> [What the task requires] Please retype the entries that follow exactly as they are, leaving the images behind.

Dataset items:
----

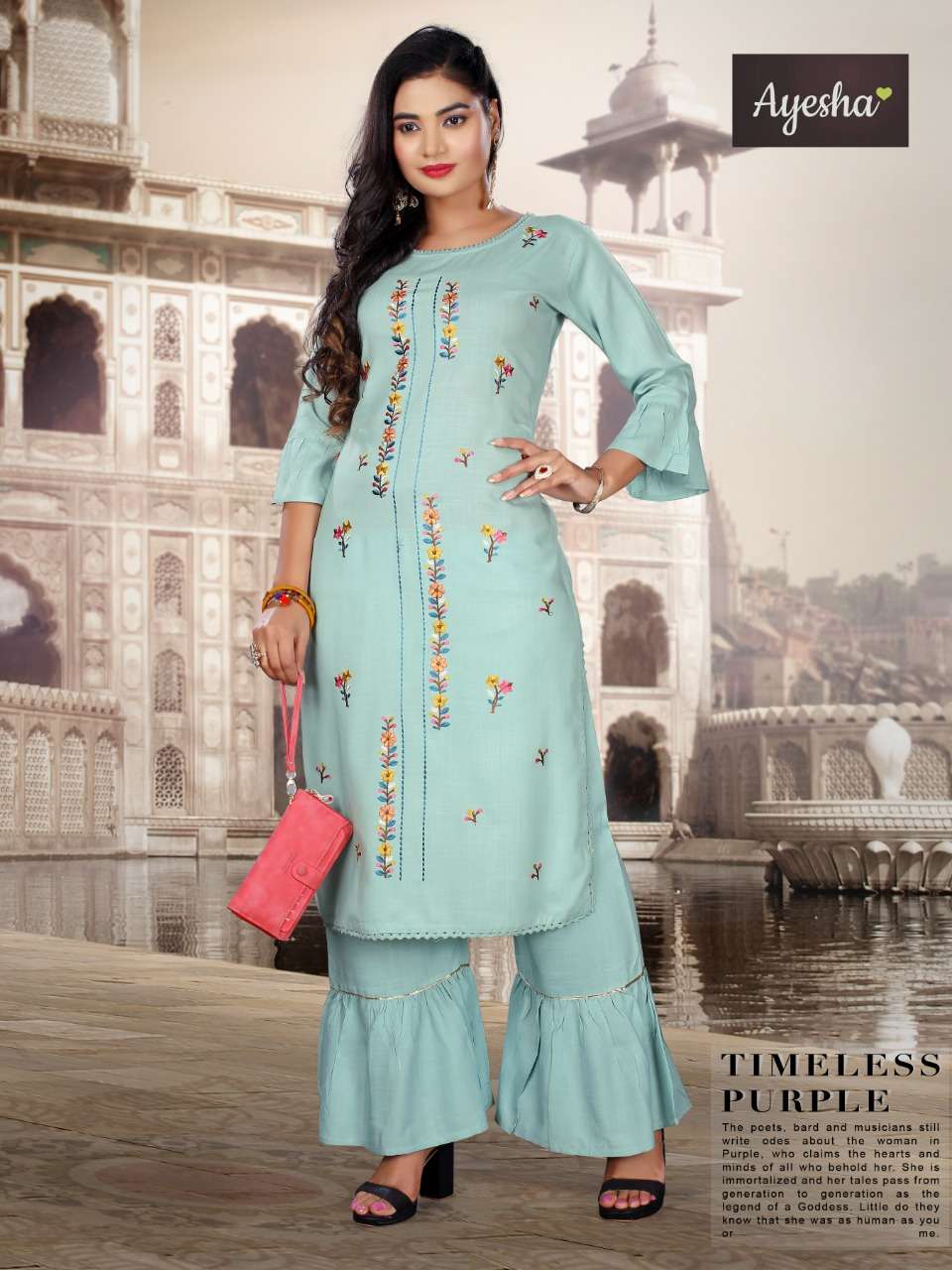 TAJMHEL BY AYESHA 01 TO 08 SERIES BEAUTIFUL STYLISH FANCY COLORFUL CASUAL WEAR & ETHNIC WEAR & READY TO WEAR RAYON SLUB KURTIS WITH BOTTOM AT WHOLESALE PRICE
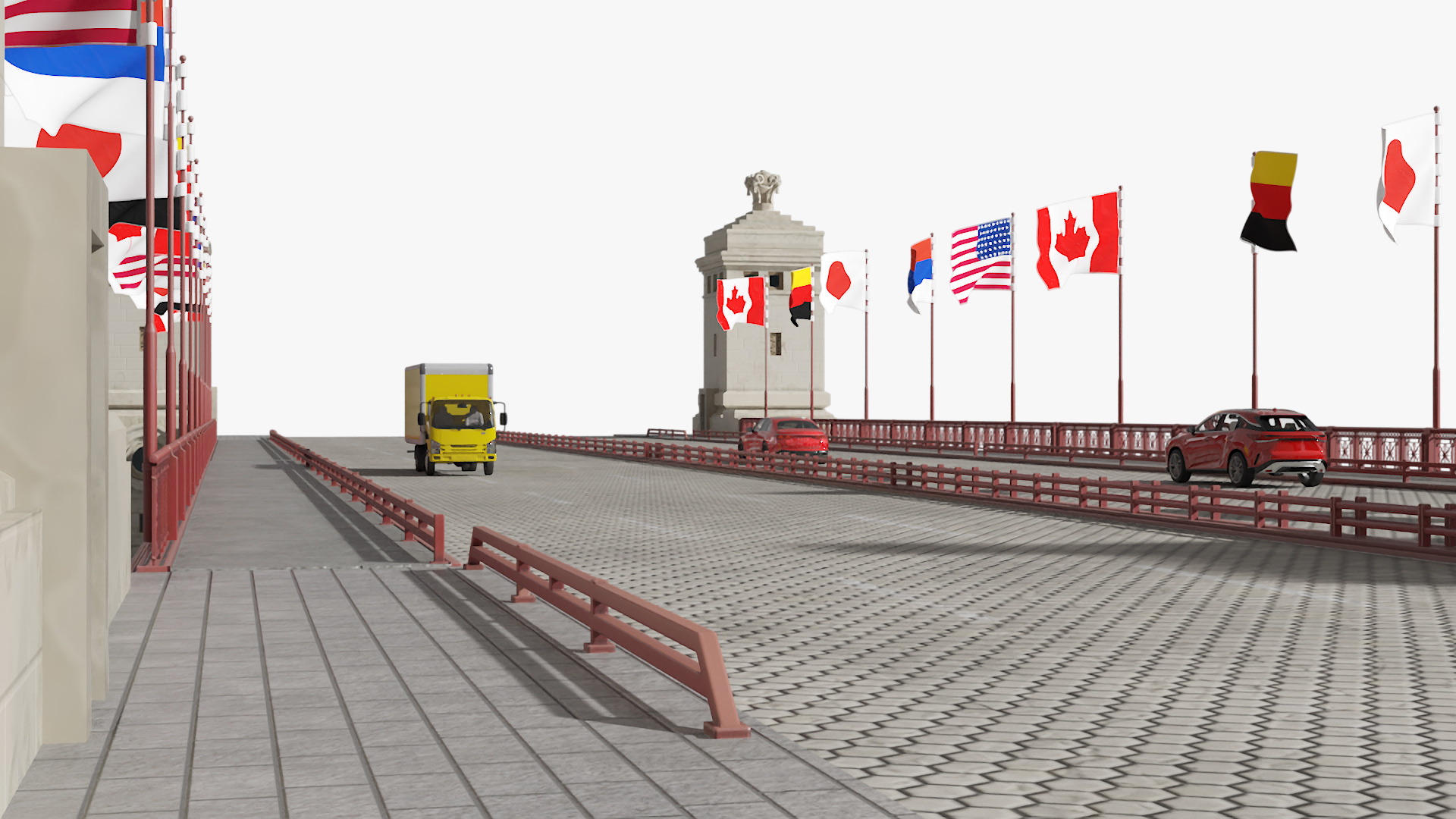 3D model Drawbridge with Cars and Flags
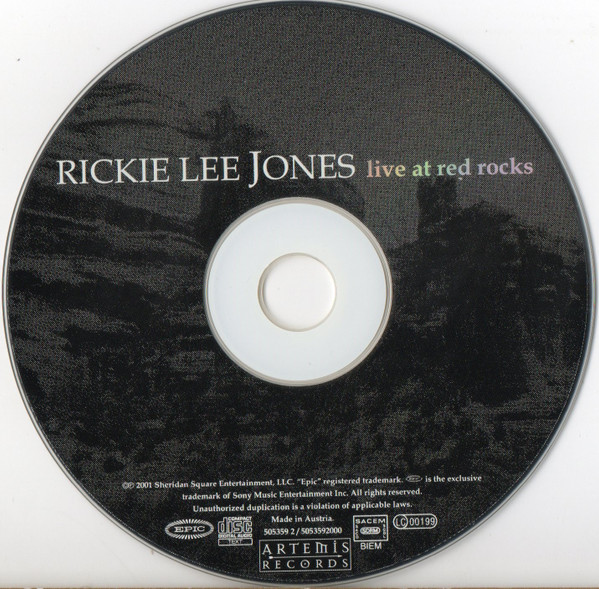 Rickie Lee Jones - Live At Red Rocks | Artemis Records (ATM 505359 2) - 3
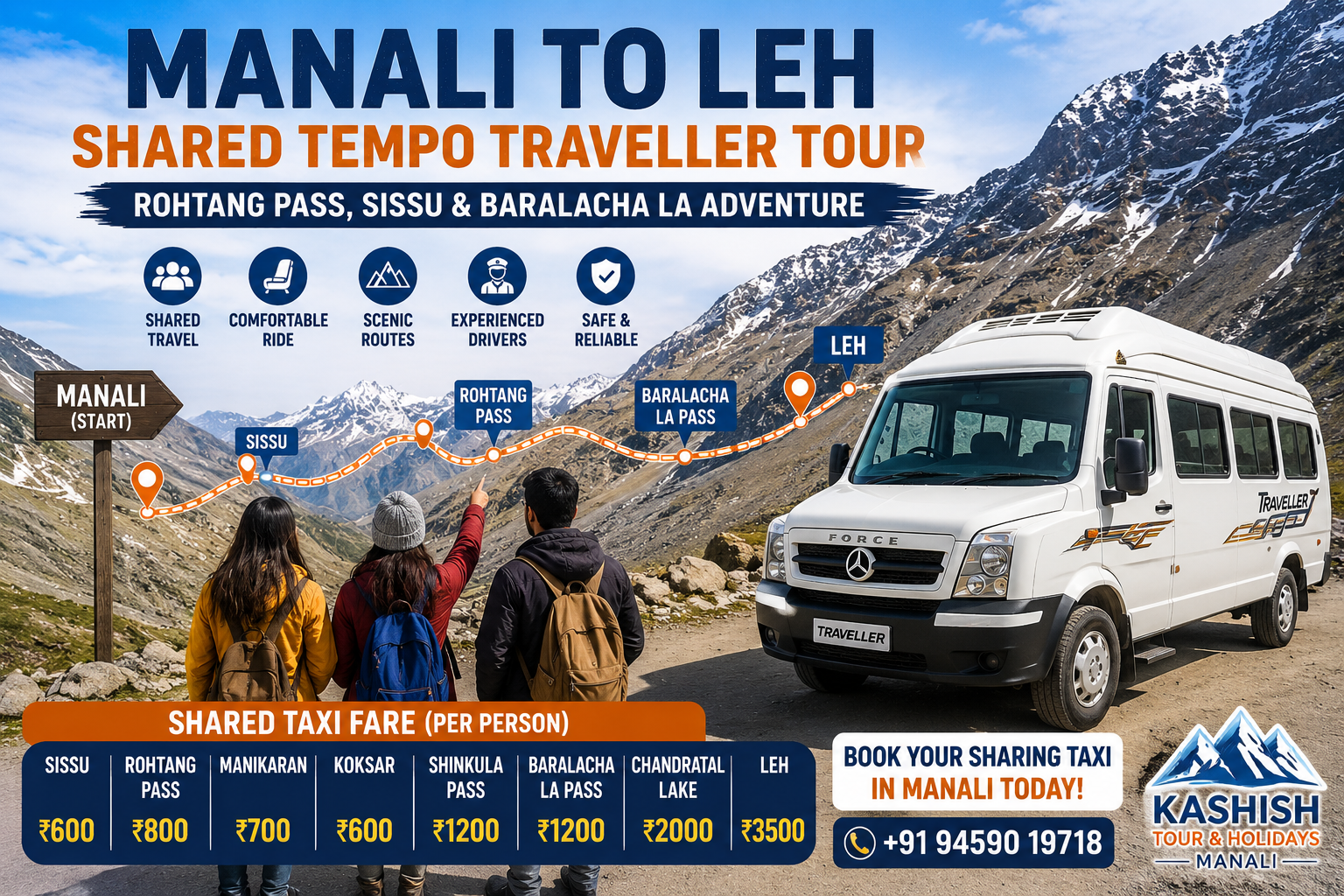 Manali to Leh Shared Tempo Traveller Tour: Rohtang Pass, Sissu & Baralacha La Adventure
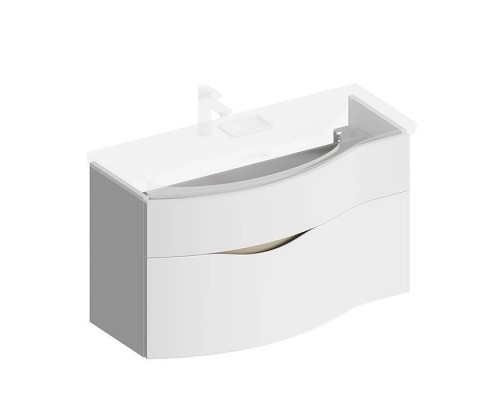 Kerama Marazzi Riva Тумба подвесная 100см, левая, с раковиной, цвет: белый матовый. RV.wb.100Lh,  RV.100Lh\WHT.M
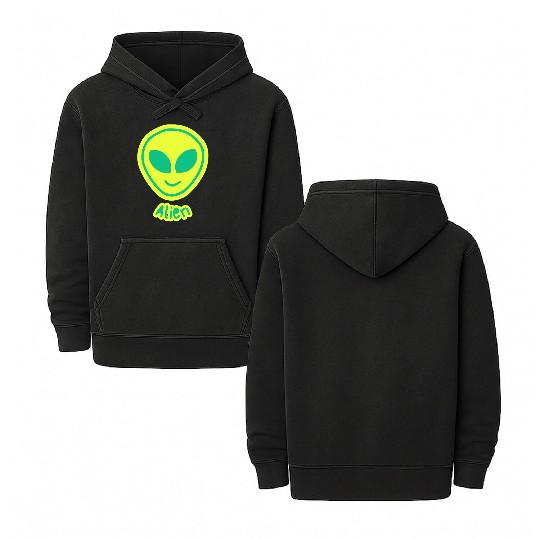 green alien Double Sided Mineral Wash Hoodies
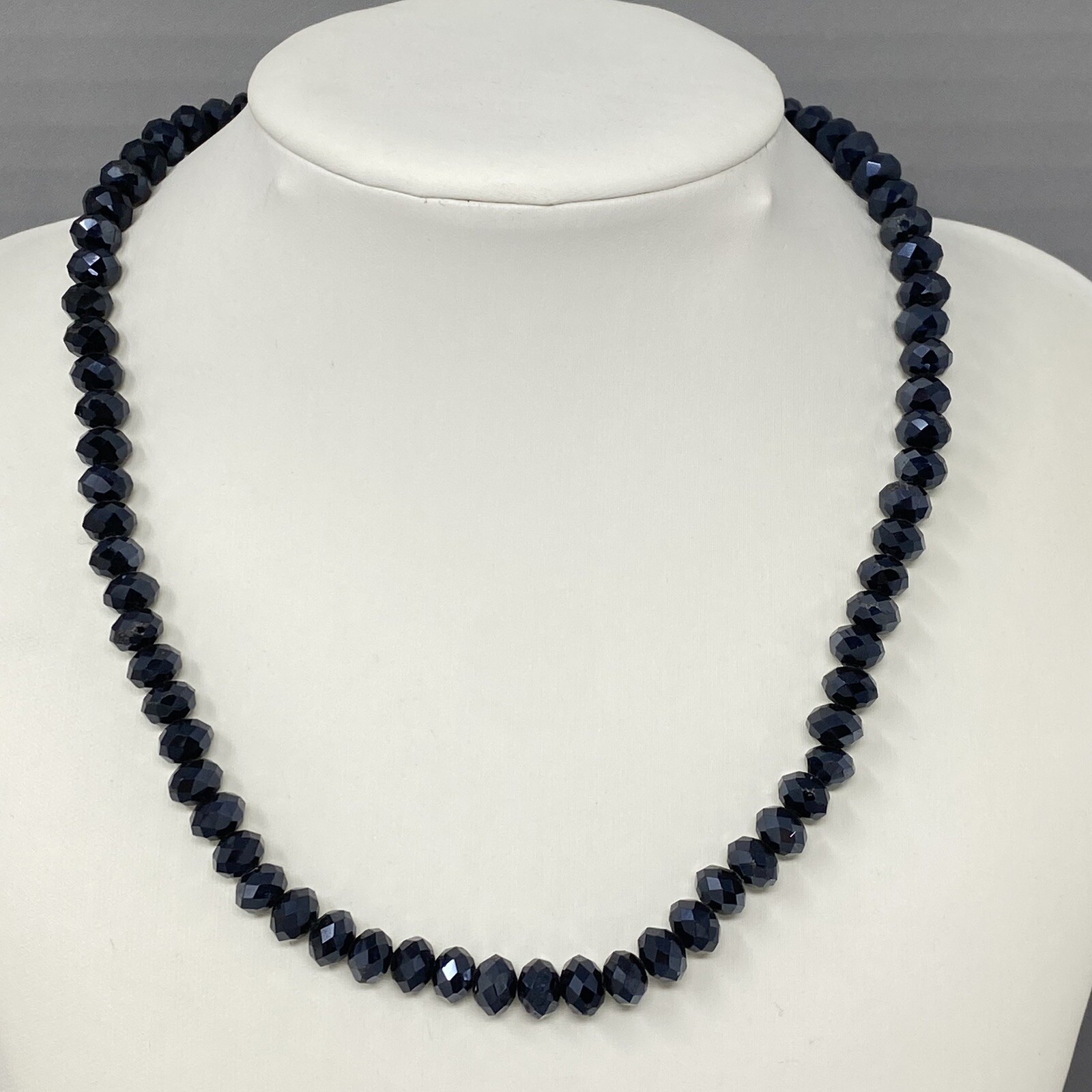 Blue Glass Bead Necklace Iridescent Round Faceted Dark Fire Polished Collar 18″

----

> [Completed task]
 TAJMHEL BY AYESHA 01 TO 08 SERIES BEAUTIFUL STYLISH FANCY COLORFUL CASUAL WEAR & ETHNIC WEAR & READY TO WEAR RAYON SLUB KURTIS WITH BOTTOM AT WHOLESALE PRICE
 3D model Drawbridge with Cars and Flags
 Rickie Lee Jones - Live At Red Rocks | Artemis Records (ATM 505359 2) - 3
 Manali to Leh Shared Tempo Traveller Tour: Rohtang Pass, Sissu & Baralacha La Adventure
 Kerama Marazzi Riva Тумба подвесная 100см, левая, с раковиной, цвет: белый матовый. RV.wb.100Lh,  RV.100Lh\WHT.M
 green alien Double Sided Mineral Wash Hoodies
 Blue Glass Bead Necklace Iridescent Round Faceted Dark Fire Polished Collar 18″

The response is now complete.